‘a room...’:It is perhaps worth saying at this point that this is the only set used in ‘Arcadia’. As the action on stage develops, the objects and properties of the set are moved, added to, used by the characters of the two different time frames. And - is this pretentious? - the single set comes to stand, as it were, for the World. We inhabit the same world as that lived in by people in 1800; it’s just that the objects have been shifted around and added to. History is the process by
which objects are accumulated (and lost).
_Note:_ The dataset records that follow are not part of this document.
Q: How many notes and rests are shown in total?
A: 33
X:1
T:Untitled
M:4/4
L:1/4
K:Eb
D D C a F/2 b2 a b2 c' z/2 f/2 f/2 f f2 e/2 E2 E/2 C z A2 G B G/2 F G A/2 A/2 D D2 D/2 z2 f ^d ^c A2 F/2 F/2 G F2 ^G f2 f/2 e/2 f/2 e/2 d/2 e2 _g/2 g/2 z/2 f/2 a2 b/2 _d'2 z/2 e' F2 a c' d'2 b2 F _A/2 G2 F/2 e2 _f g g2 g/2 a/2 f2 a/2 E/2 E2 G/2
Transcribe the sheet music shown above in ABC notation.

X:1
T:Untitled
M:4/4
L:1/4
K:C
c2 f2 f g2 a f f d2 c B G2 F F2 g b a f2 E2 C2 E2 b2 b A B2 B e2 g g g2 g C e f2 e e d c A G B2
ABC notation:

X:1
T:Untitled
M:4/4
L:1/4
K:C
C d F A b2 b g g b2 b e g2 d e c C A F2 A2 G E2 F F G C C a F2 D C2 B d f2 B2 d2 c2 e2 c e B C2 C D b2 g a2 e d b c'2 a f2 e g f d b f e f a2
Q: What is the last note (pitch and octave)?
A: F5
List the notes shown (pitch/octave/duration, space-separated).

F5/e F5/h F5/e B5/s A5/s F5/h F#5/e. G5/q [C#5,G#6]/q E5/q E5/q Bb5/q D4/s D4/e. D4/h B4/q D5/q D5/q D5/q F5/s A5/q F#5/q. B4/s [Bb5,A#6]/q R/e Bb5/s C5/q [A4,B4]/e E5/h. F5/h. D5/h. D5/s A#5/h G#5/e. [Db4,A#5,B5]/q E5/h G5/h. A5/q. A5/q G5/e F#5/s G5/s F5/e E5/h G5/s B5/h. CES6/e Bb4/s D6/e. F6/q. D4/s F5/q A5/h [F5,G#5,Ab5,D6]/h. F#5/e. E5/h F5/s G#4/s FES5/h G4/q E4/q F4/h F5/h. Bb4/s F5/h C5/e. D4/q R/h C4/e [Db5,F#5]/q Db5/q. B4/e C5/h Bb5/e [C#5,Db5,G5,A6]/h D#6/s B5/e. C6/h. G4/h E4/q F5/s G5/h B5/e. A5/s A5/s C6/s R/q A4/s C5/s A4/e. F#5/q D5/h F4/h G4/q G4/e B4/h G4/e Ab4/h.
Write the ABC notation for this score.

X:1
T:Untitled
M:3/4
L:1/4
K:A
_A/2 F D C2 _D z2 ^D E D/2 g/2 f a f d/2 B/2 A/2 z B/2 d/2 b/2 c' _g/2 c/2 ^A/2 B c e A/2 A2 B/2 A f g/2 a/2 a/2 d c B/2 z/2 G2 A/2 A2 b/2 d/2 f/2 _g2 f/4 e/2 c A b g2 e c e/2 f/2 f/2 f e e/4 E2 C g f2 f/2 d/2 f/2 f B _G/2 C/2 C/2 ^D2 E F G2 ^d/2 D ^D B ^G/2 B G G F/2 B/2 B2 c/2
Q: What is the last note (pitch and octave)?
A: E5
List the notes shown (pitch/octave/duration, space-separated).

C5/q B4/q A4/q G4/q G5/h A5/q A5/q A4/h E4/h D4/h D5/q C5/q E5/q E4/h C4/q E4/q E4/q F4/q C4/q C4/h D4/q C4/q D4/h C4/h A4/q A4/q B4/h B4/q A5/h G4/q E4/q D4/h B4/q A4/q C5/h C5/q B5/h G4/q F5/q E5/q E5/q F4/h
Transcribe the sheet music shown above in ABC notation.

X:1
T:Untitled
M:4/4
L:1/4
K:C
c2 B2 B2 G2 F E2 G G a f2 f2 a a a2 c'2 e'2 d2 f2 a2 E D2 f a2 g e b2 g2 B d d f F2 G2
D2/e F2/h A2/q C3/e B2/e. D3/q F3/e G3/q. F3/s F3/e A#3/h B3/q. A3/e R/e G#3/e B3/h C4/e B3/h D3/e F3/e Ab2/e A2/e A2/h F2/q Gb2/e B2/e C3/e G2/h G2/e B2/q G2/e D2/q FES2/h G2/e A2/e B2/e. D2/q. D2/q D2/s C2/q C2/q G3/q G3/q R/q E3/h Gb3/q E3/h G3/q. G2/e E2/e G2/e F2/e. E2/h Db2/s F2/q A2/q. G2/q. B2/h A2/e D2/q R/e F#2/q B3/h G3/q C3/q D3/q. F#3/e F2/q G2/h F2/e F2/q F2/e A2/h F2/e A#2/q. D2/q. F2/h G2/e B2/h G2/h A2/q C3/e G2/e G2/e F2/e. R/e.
But there are two different times involved in the staging. I don’t mean the obvious difference between 1809 and Now, but call it ‘natural’ History, in which 1809 is followed by 1810 and so on to the present day, and ‘theatrical’ History, in which Act One, scene one (1809) is followed by scene two (the present day). It is in theatrical time that characters inherit the objects, left by the previous scene. The similarities and differences of ‘natural’ time and theatrical time allows Stoppard to play with concepts of Time, but also with the nature of theatricality. ‘the typical English park of the time..’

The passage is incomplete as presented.